In the data below, find the line with "Hooded MS033 COREA Down Jacket" and output it along with every later line, exactly, but not the pictures.

Web page caption snippets
###
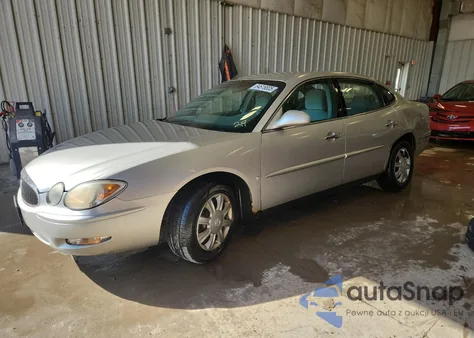 2006 Buick Lacrosse Cx из США, поврежденный, VIN 2G4WC552261237154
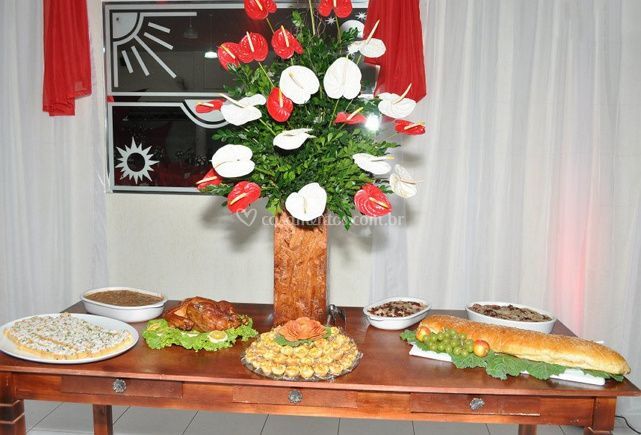 Festa Mix Buffet
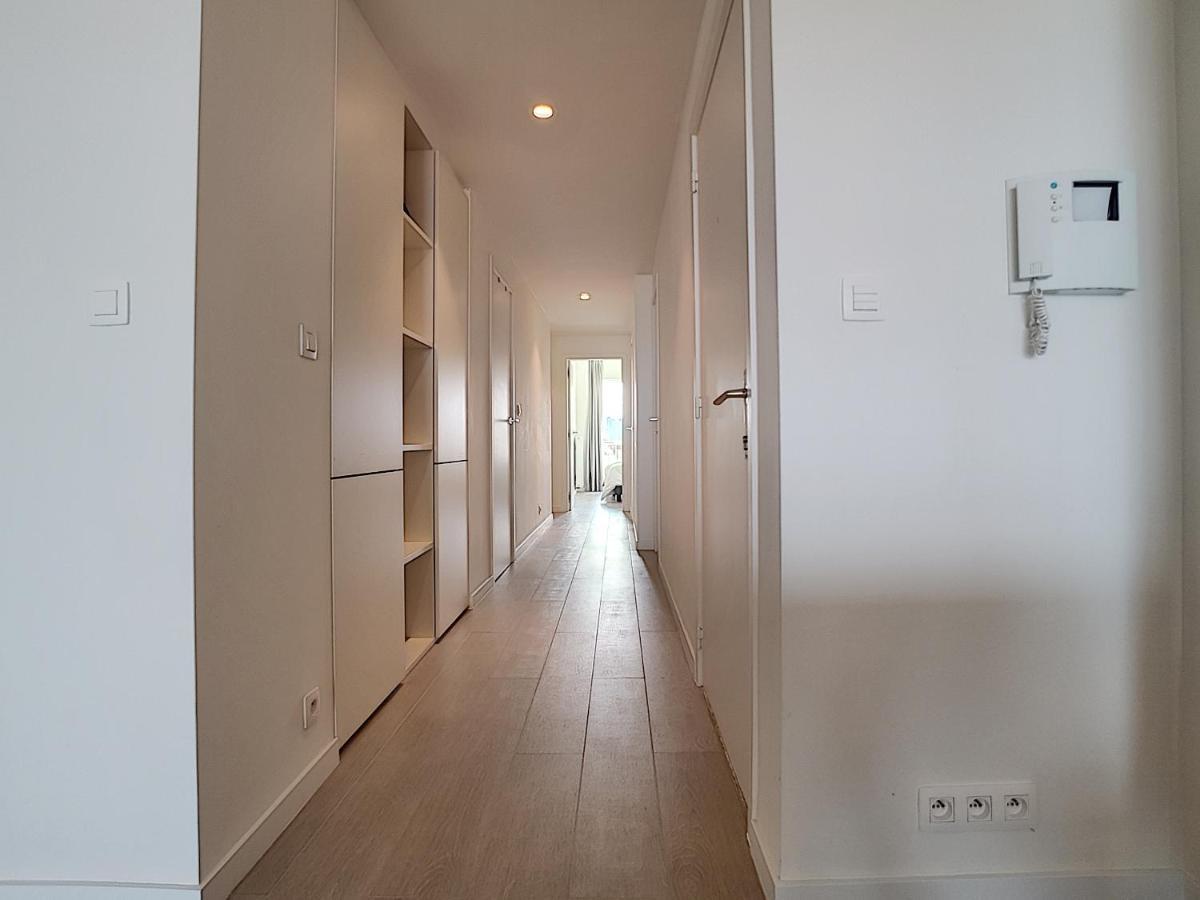 Rubensplein 7P, 4 Adults & 3 Kids - Free Parking Apartment Knokke-Heist Exterior foto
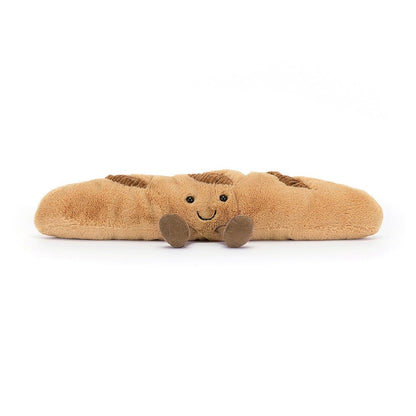 Amuseable Baguette Plush Toy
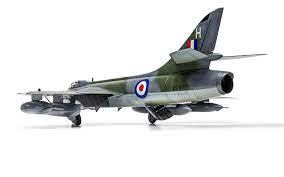 Airfix 09192 1/48 Hawker Hunter FGA.9/FR.10/GA.11 Plastic Model Kit - Hobbytech Toys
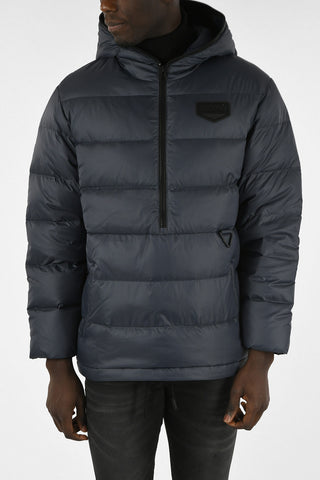 Hooded MS033 COREA Down Jacket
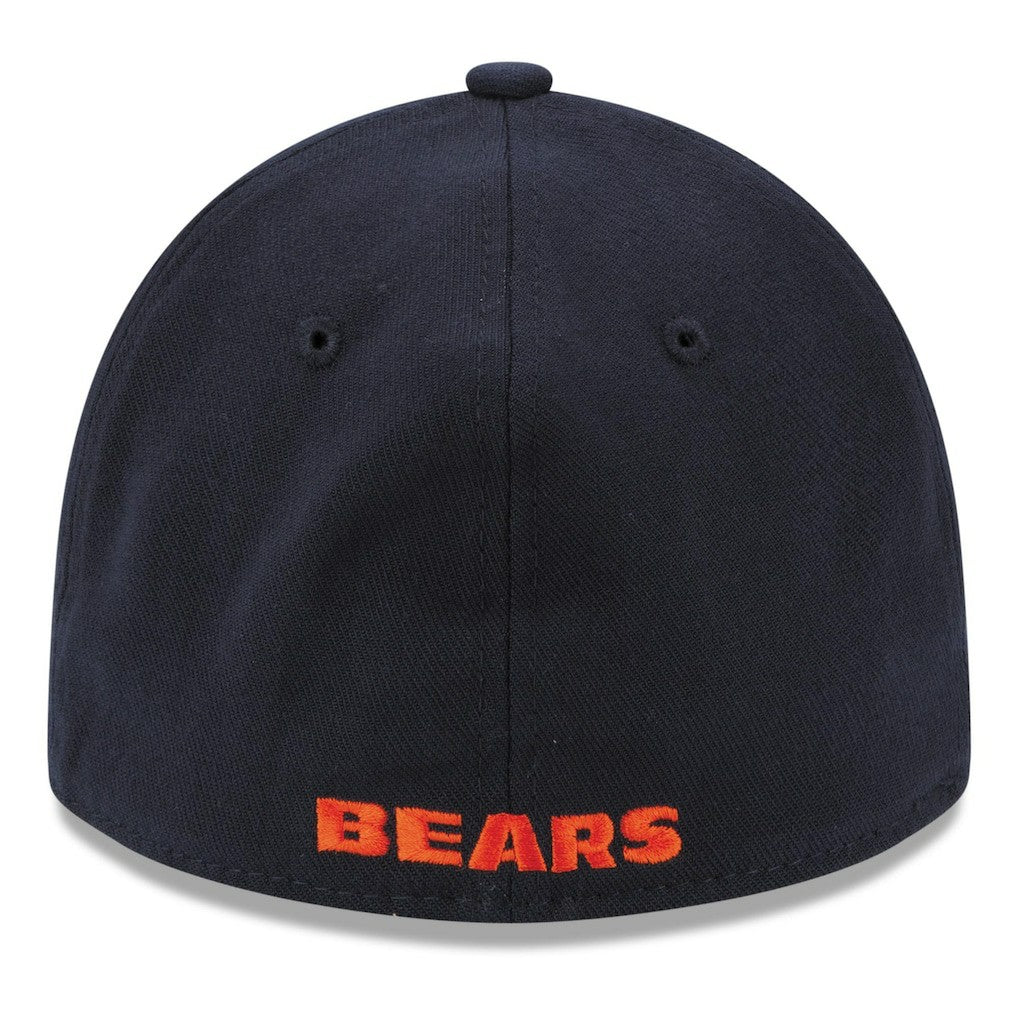 NFL Chicago Bears 39THIRTY Team Classic Flex Hat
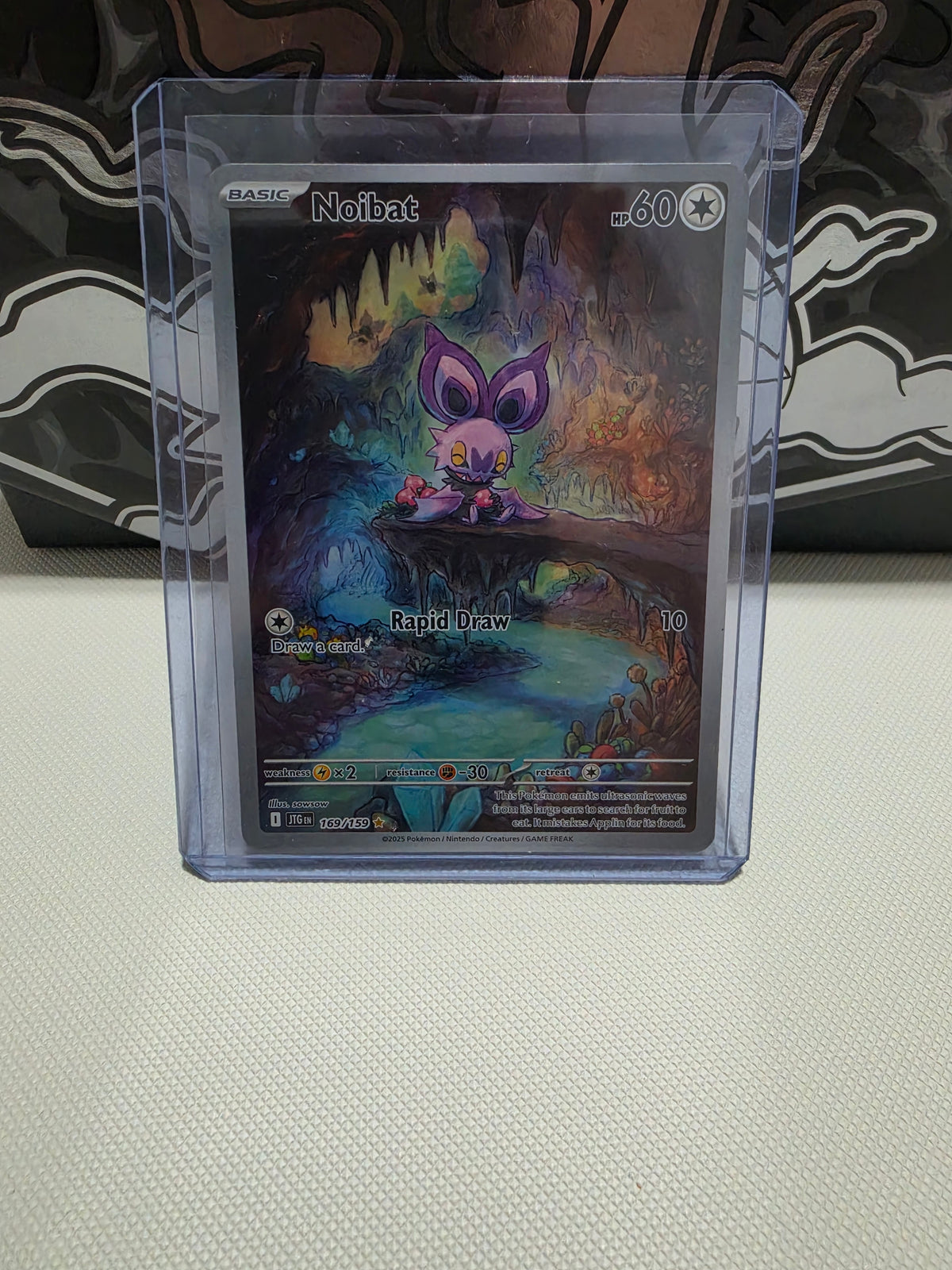 Noibat - 169/159 - SV09: Journey Together (JTG)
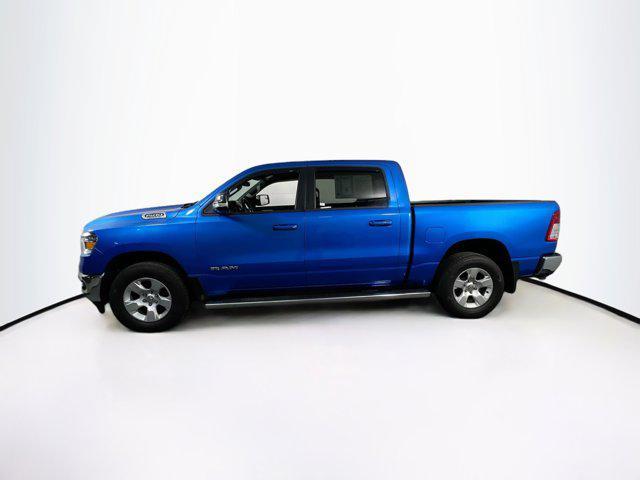 used 2022 Ram 1500 car, priced at $39,649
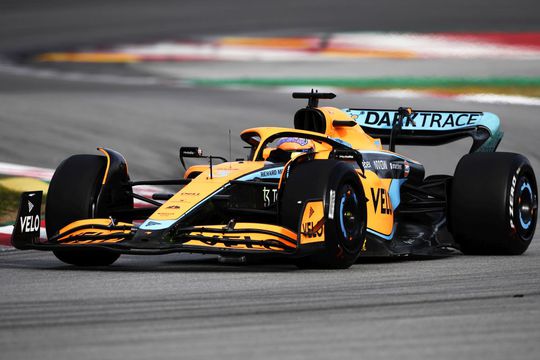 McLaren MCL36 // foto: Guliver/gettyimages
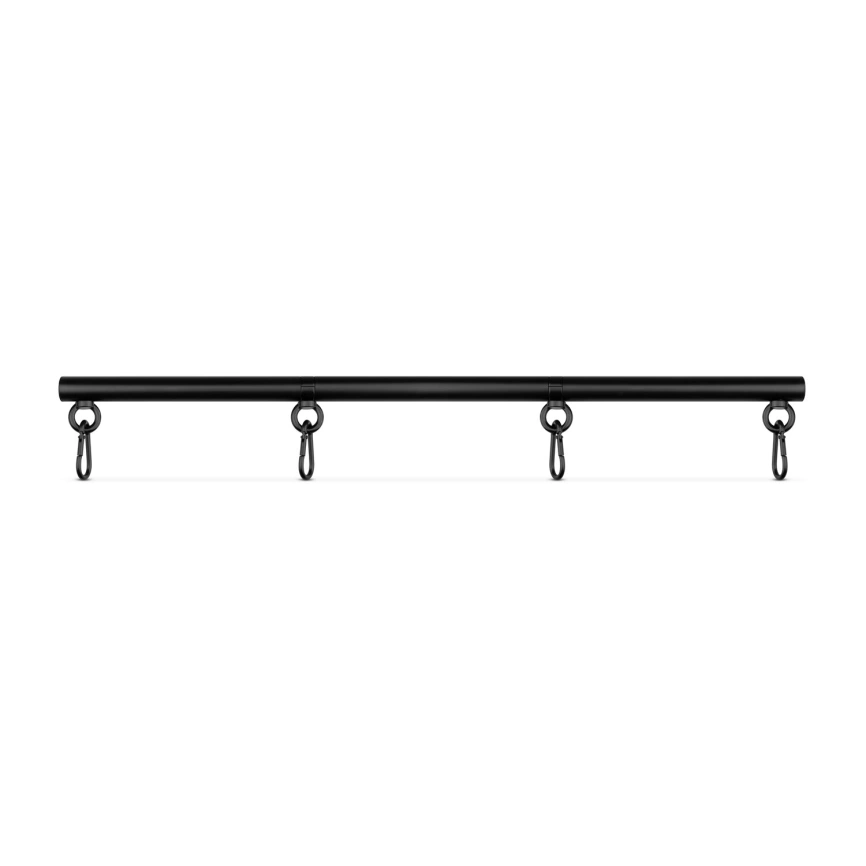 Фиксатор для рук и ног Bedroom Fantasies: Spreader Bar Lightweight Restraint Bar, черный фото 2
###
> **Answer to this exercise**
 Hooded MS033 COREA Down Jacket
 NFL Chicago Bears 39THIRTY Team Classic Flex Hat
 Noibat - 169/159 - SV09: Journey Together (JTG)
 used 2022 Ram 1500 car, priced at $39,649
 McLaren MCL36 // foto: Guliver/gettyimages
 Фиксатор для рук и ног Bedroom Fantasies: Spreader Bar Lightweight Restraint Bar, черный фото 2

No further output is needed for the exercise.